A proximité du port, le très chic quartier de l’Esplanade accueille les plus grandes marques de design et les stylistes les plus pointus présentent leurs créations. Il ne faut pas manquer de s’immerger dans l’univers de Marimekko, une enseigne qui fait ici figure d’institution. Dans les années 1960 et 1970 les tissus Marimekko ont séduit les aficionados de la branchitude de la planète entière avec leurs tissus ornés de grandes fleurs stylisées et très colorées. Même Jackie Kennedy est parue en couverture du magazine « Sports Illustrated » portant une robe bain de soleil rose griffée Marimekko. Au fil des ans, le succès s’est estompé à l’échelle internationale mais pas au niveau local. En 1991, la marque a été reprise par Kirsti Paakkanen, une énergique femme d’affaires, qui met tout en £uvre pour que Marimekko retrouve son lustre d’antan. En adoptant une politique de promotion de la créativité et en s’adjoignant les services de six designers de talent (Ritva Falla, Jukka Rintala, Jaanna Parkkila, Mika Piirainen, Naoto Niidome et Matti Seppänen), Marimekko renoue avec le succès et ouvre des points de vente un peu partout dans le monde. Rien que sur l’Esplanade, l’enseigne compte trois magasins dont un flagshipstore. Tout aussi culte, l’enseigne de verrerie et d’art de la table Iittala qui englobe les marques Arabia et BodaNova est également présente sur l’Esplanade. La philosophie de la maison ? Apporter une petite touche d’esthétique et d’élégance à la vie quotidienne. Pari réussi puisque depuis la création du département porcelaine et verrerie en 1881, Iittala a produit, entre autres, le vase Savoy d’Alvar Aalto et le service de vaisselle Teema de Kaj Franck qui est même exposé au célèbre musée d’Art moderne de New York (MoMa).
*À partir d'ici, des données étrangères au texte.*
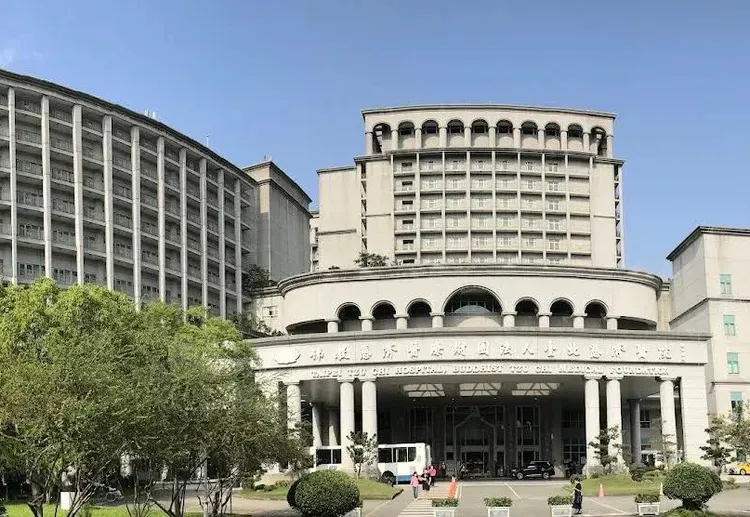 台北慈濟醫院朱姓骨科醫師尋求代理孕母PO私密無碼照惹出爭議。翻攝自Google map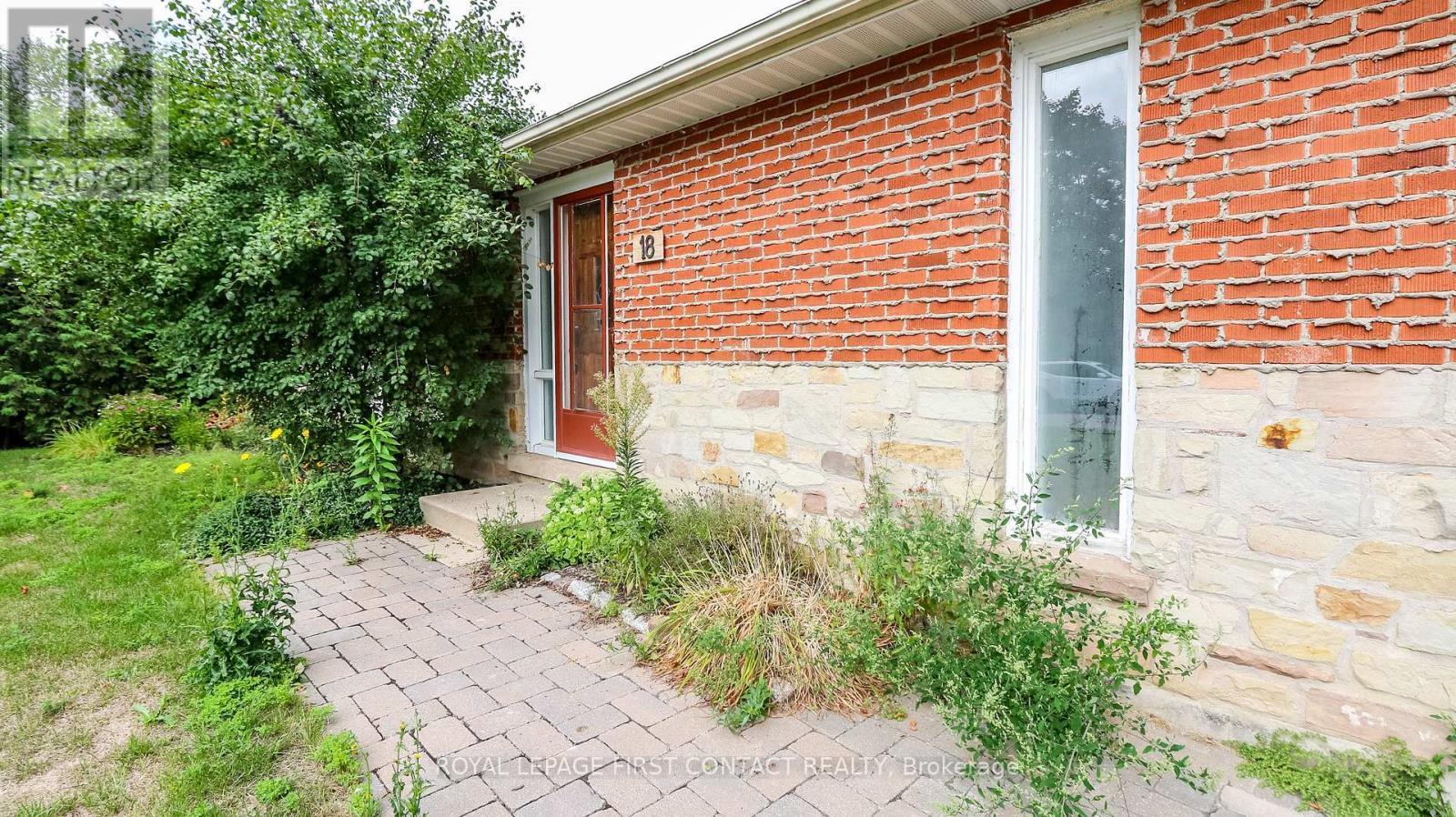 












18 CARBERRY STREET

,
Erin,




Ontario
N0B1T0

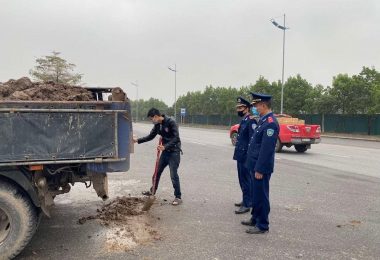 Hà Nội: Xử lý nghiêm các xe xả thải bẩn ra môi trường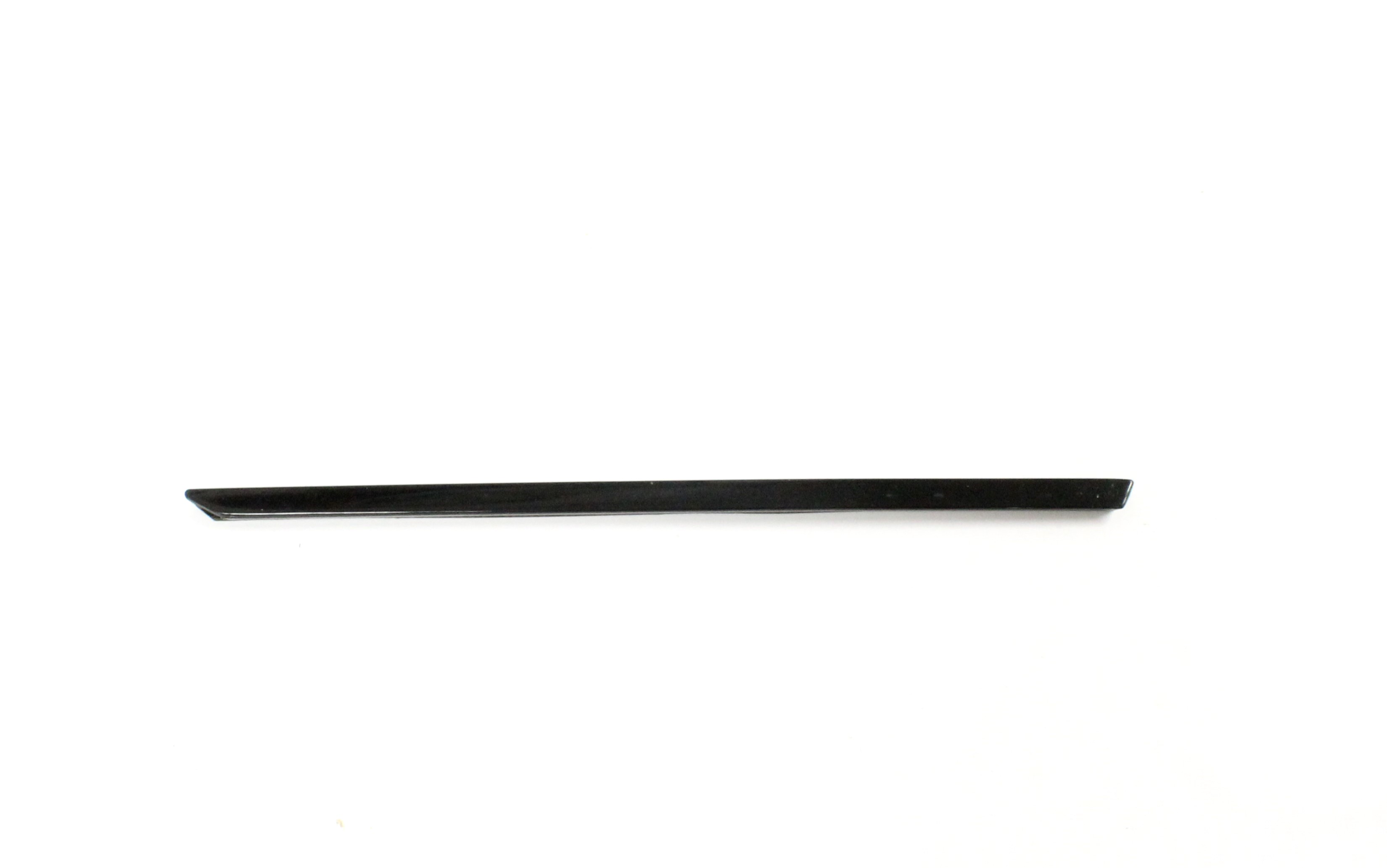 Moulding, lower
Un peu en dehors de la ville, dans l’ancienne zone industrielle de Ruoholahti, un énorme bâtiment en brique en forme de U interpelle. C’est  » The Cable Factory « , une ancienne usine de câbles Nokia – autre fleuron du design finlandais – transformée en centre culturel. Voué à la démolition, cet entrepôt a été sauvé in extremis pour être entièrement rénové. A l’origine squatté par des artistes, il s’est officialisé et abrite désormais trois musées (de la Restauration, de l’Hôtellerie et de la photographie), huit galeries, des compagnies théâtrales et musicales, une centaine de studios et d’ateliers d’artistes ainsi que le centre culturel français. Il ne faut pas hésiter à s’y balader pour découvir les expositions gratuites et ressentir les vibrations de la vie culturelle et artistique de la jeune génération des habitants d’Helsinki.